Copy only the lines between the one containing "1220 Alaska Avenue Dallas TX 75216" and the end of the records, both included, leaving out pictures.
##### EXERCISE INPUT #####
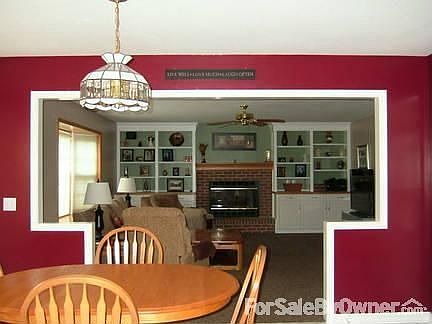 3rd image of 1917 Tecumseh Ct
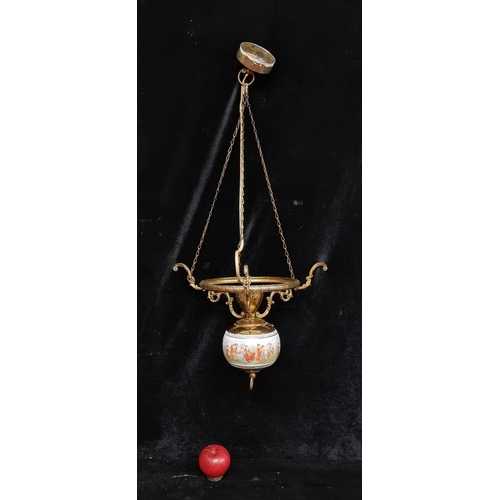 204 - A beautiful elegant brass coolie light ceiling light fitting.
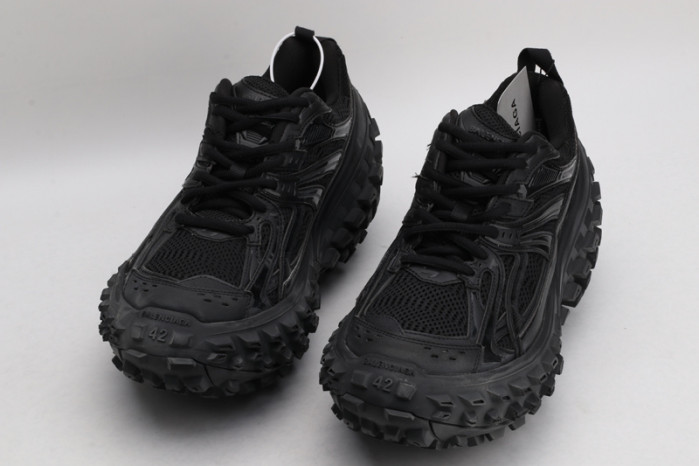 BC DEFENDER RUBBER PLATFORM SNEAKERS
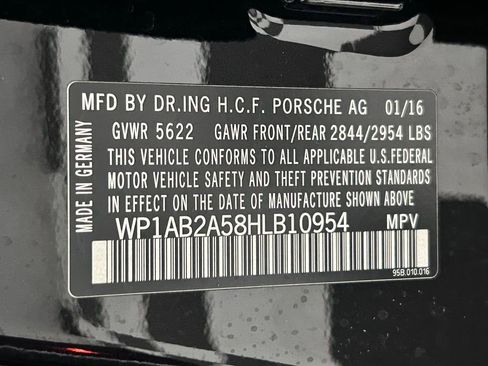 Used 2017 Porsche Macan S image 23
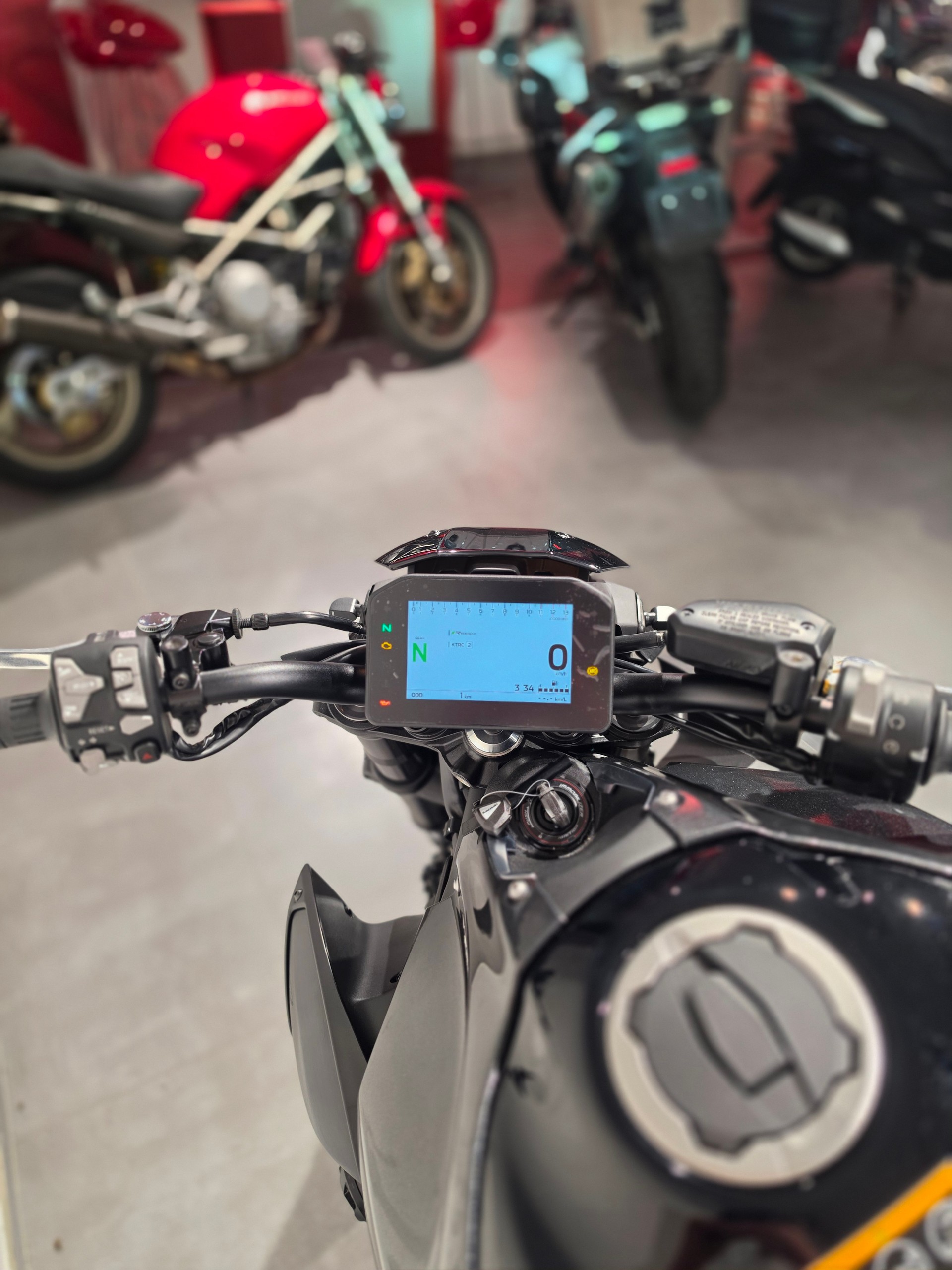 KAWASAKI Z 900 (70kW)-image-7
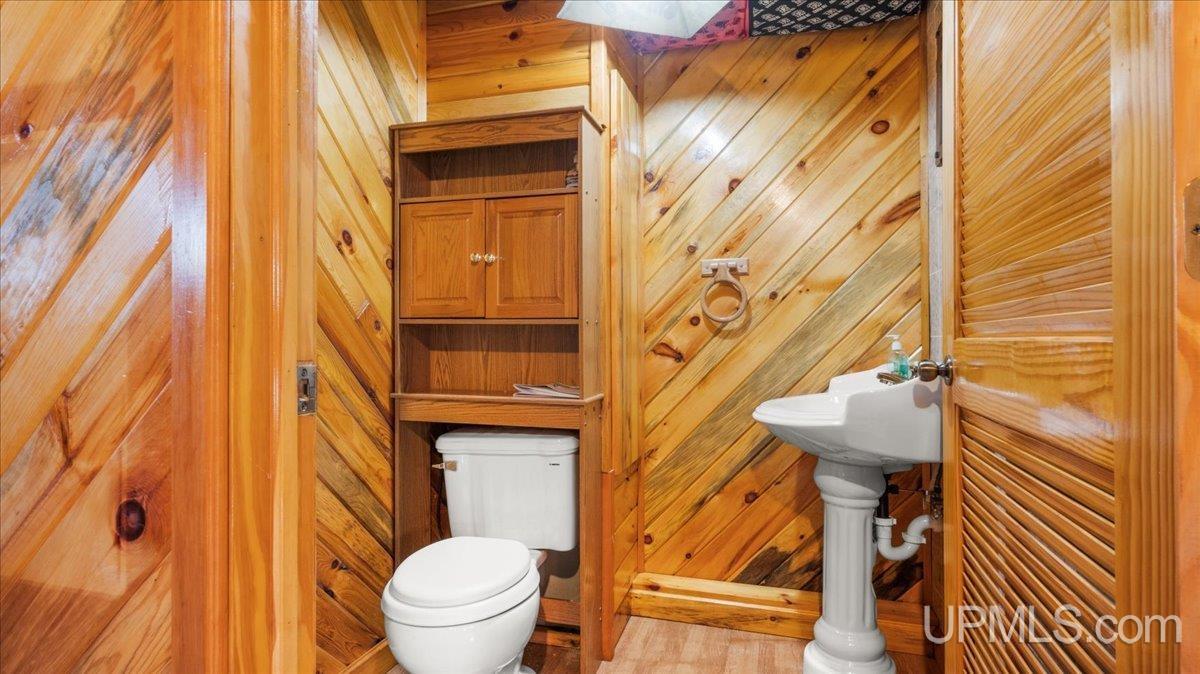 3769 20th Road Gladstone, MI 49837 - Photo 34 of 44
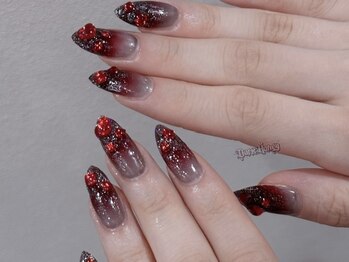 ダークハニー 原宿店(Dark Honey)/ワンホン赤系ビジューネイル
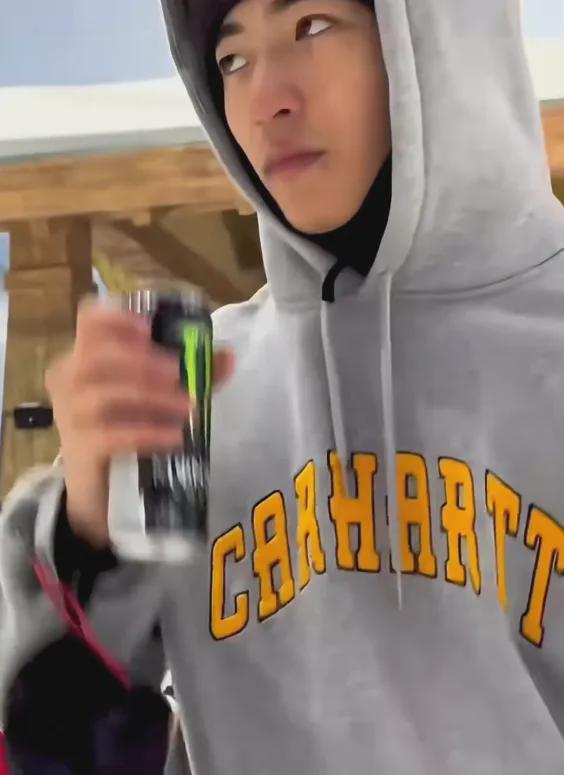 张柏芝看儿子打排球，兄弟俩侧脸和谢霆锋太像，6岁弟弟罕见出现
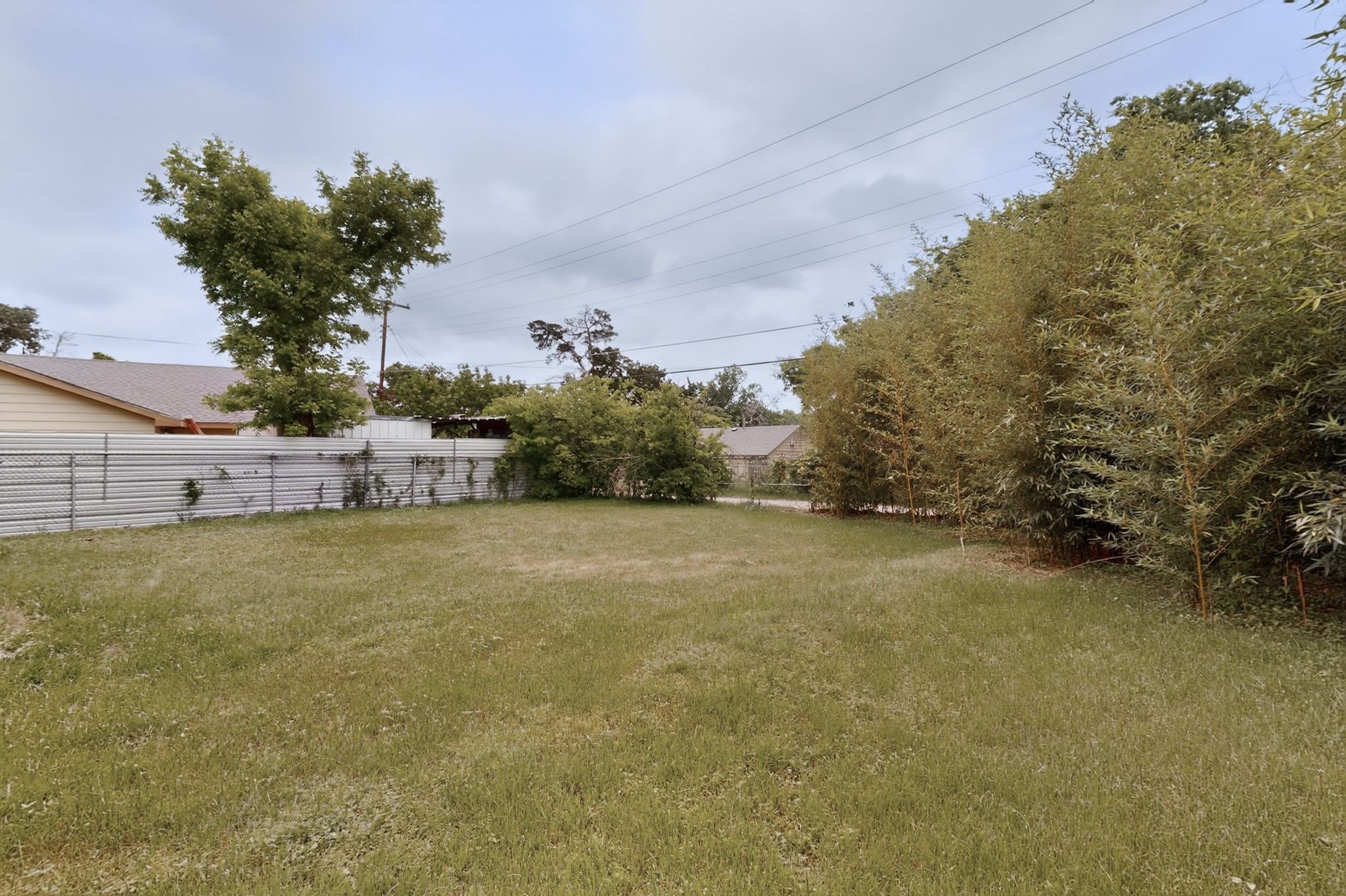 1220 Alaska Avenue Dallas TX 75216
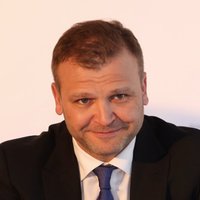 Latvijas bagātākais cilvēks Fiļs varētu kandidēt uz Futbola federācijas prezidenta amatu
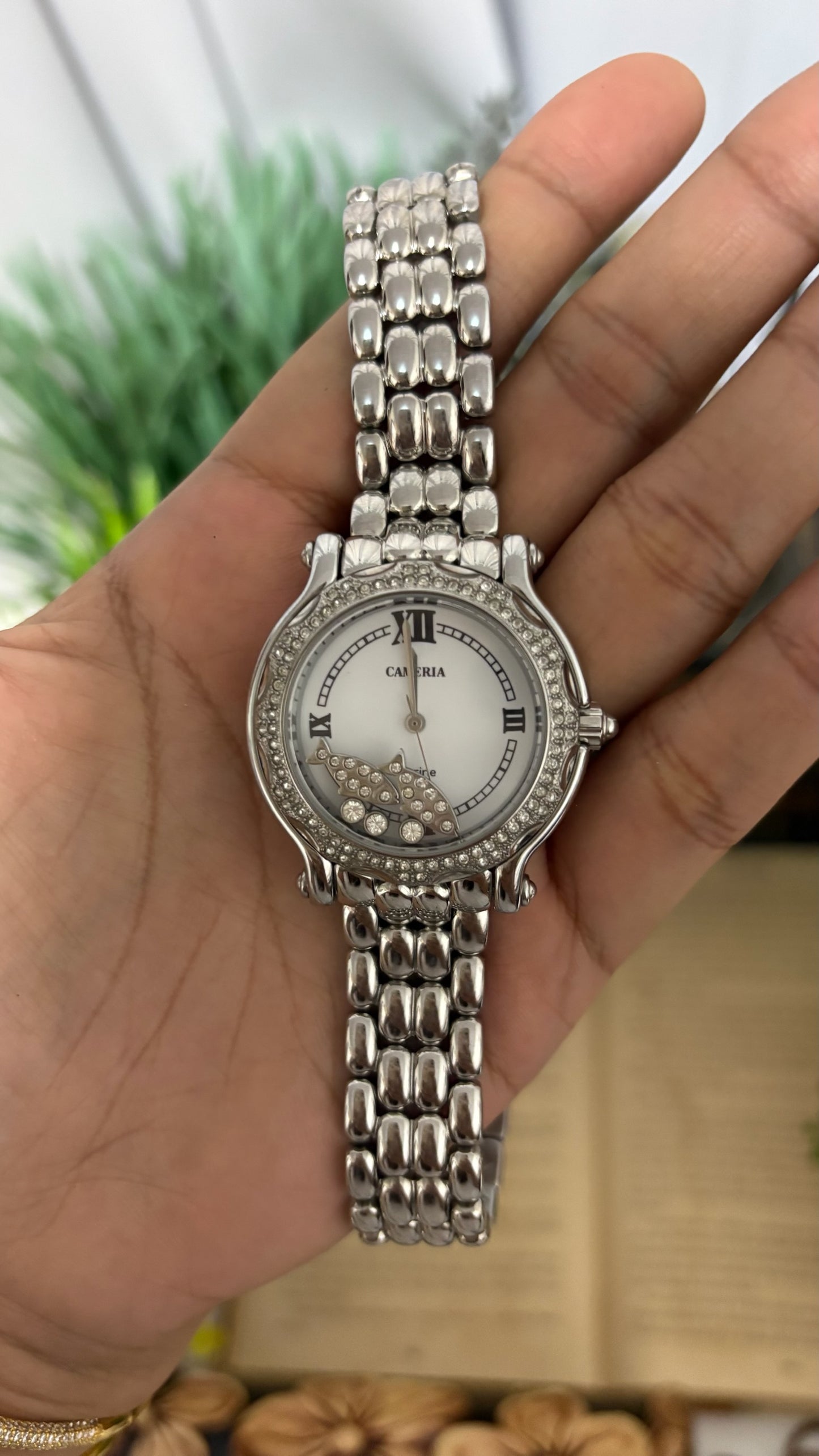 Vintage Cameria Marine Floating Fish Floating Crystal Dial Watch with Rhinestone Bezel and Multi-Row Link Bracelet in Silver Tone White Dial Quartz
#####
__SOLUTION TO THIS EXERCISE__:
 1220 Alaska Avenue Dallas TX 75216
 Latvijas bagātākais cilvēks Fiļs varētu kandidēt uz Futbola federācijas prezidenta amatu
 Vintage Cameria Marine Floating Fish Floating Crystal Dial Watch with Rhinestone Bezel and Multi-Row Link Bracelet in Silver Tone White Dial Quartz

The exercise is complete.